DeepEval Guide — Part 2: RAG Metrics

What is RAG?

RAG = Retrieval-Augmented Generation. Your system: 1. Takes a user question 2. Searches a database for relevant documents 3. Sends those documents + question to an LLM 4. LLM generates an answer based on those documents

RAG metrics test TWO things: - Did the system find the RIGHT documents? (retrieval quality) - Did the LLM use those documents CORRECTLY? (generation quality)

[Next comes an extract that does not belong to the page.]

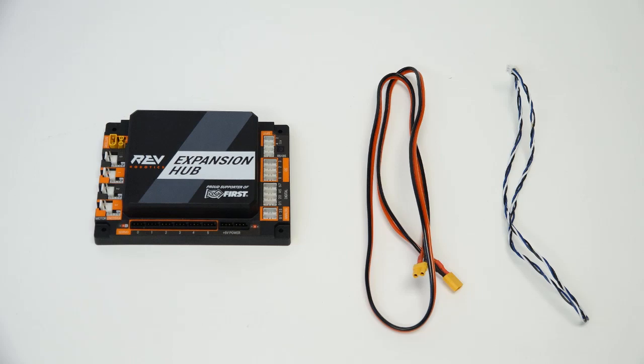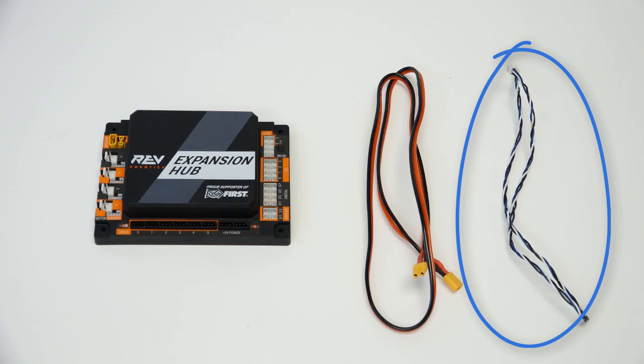In order to connect two Rev Expansion Hubs, you will need the following: an extra Rev Expansion Hub, an XT30 extension cable, and a 3-pin JSTPH cable.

Metric 1: Answer Relevancy

What it checks: Is the answer about the same topic as the question?

How it works: The judge LLM reads the question and answer, then scores how well the answer addresses what was asked. It does NOT check if the answer is correct — only if it talks about the right topic. An answer can be relevant but wrong ("Paris is in Germany" is relevant to "Where is Paris?" but incorrect).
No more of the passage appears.